“Now, I want you do me a favor. Print out the reading, but don’t read it before class. I know this will be hard.” She gestures towards the front row where I sit. “Especially for you guys.” (excerpt from a class today)
Last time I posted, it was a month ago, and I’d just started school. A month later, and I am surprisingly still sane. (Sane does not negate stress, it just means that I’m not going insane. Talk to me around finals for that revelation.)
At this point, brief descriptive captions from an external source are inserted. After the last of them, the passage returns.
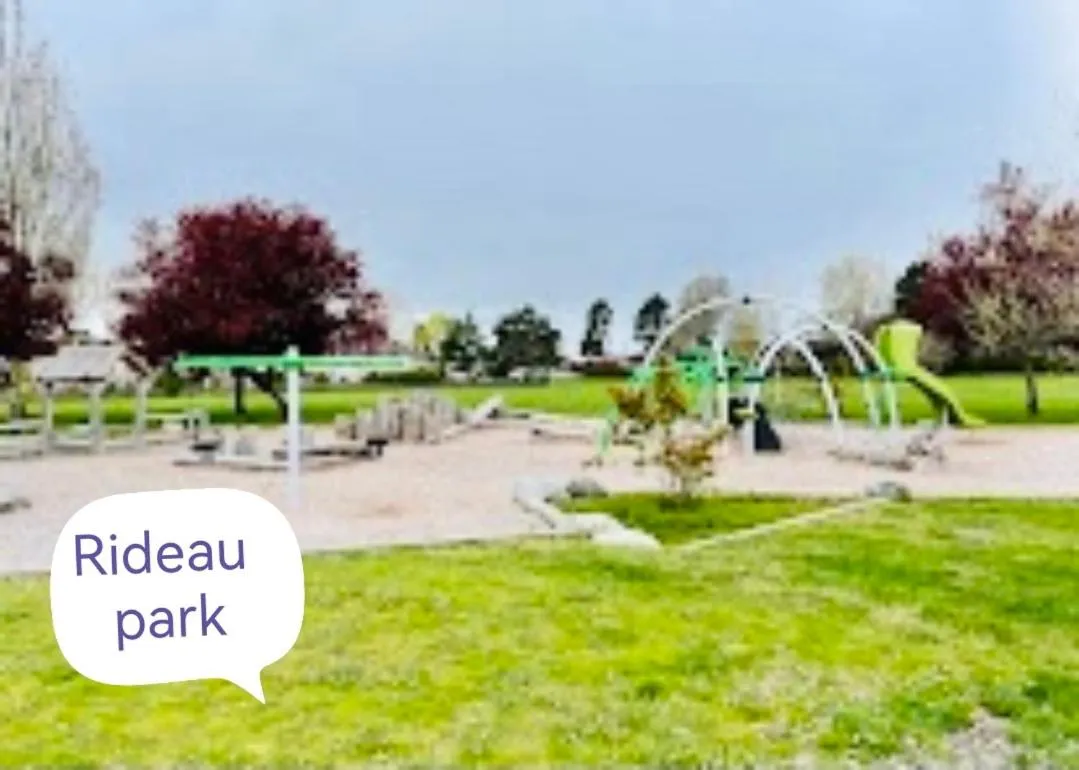 Richmond Vancouver Airport Comfy Home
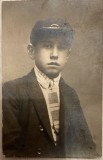 Elev, scolar Fotografie interbelica Targu Mures / Marosv&aacute;s&aacute;rhely, Atelier Foto KOKOS, / elev Romulus Maior clasa a III-a / istoria scolii / uniforma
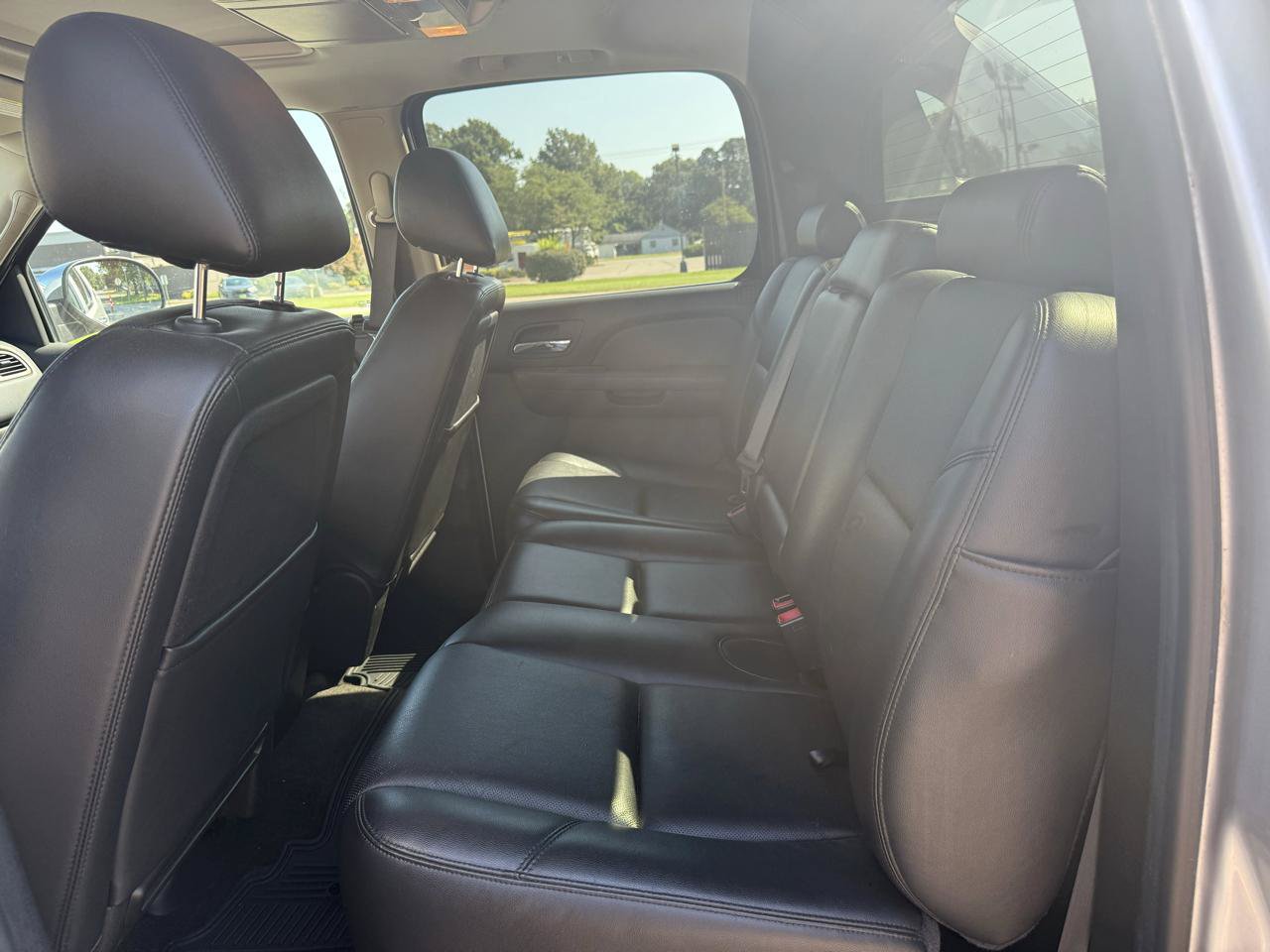Used 2013 Chevrolet Avalanche LTZ AWD/4WD image 18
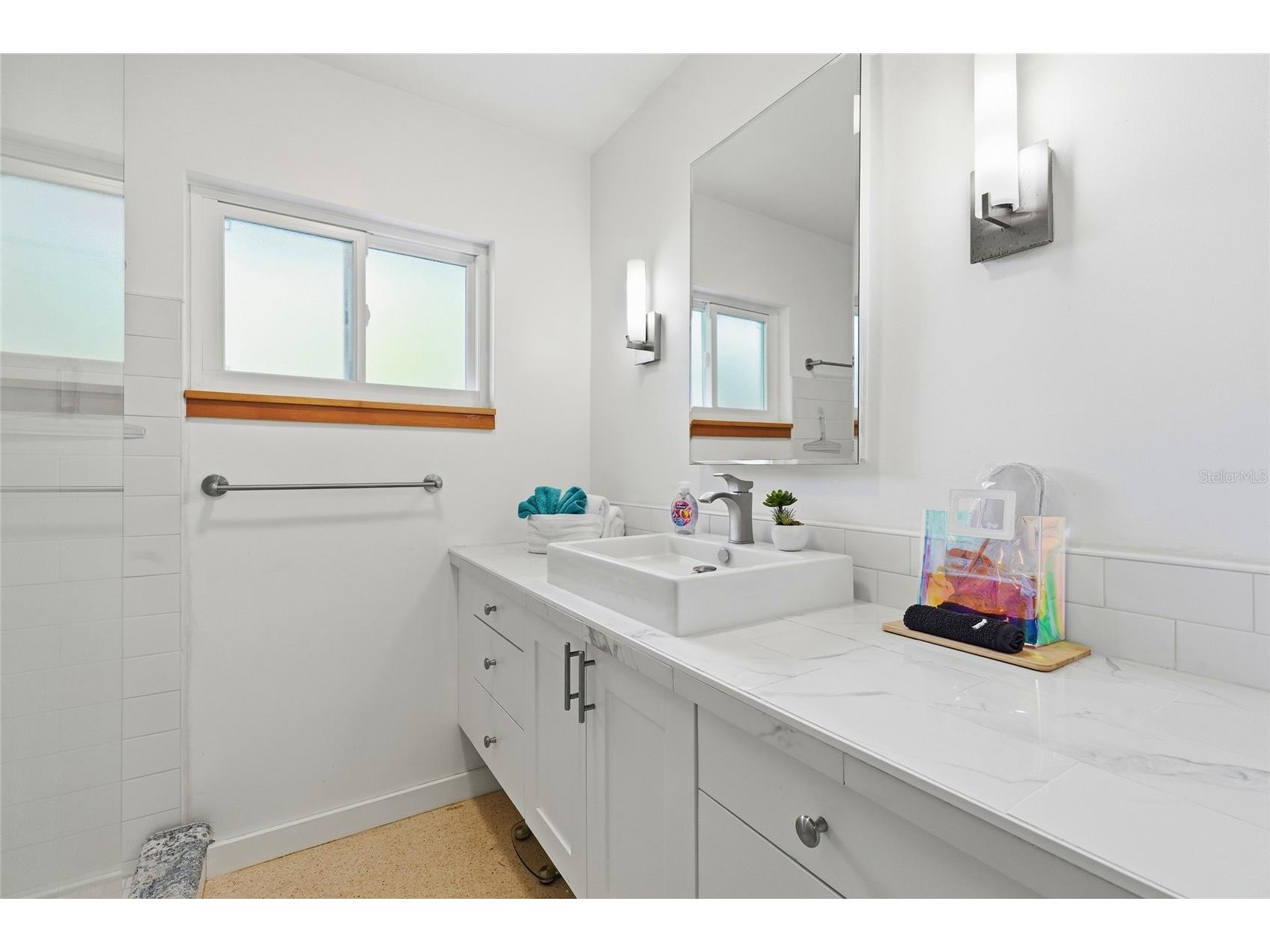 845 Highland Street Sarasota FL 34234 A4692698 image27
Quite a bit has happened since then. I’ve written thousands of words of essays and read even more, but I’ve also managed to visit the National Book Festival (during which I met Don DeLillo at an exclusive event inside LOC, asked Susan Cooper a question during Q&A about Seaward, and got my copy of the aforementioned book signed. I’m staring at the poster that hangs across my room – a tree full of whimsical animals reading. It makes my dorm room walls a bit less prison-like). I’ve also seen National Players perform Macbeth and dragged a number of university folks to the farmer’s market during my somewhat-sporadic excursions. I’m going to North Carolina next month and going home next weekend and just trying to survive tonight’s homework. I should be reviewing notes for that committee meeting or drafting that film analysis, but you’ll pardon me if all I want to do is ramble on this little blog of mine.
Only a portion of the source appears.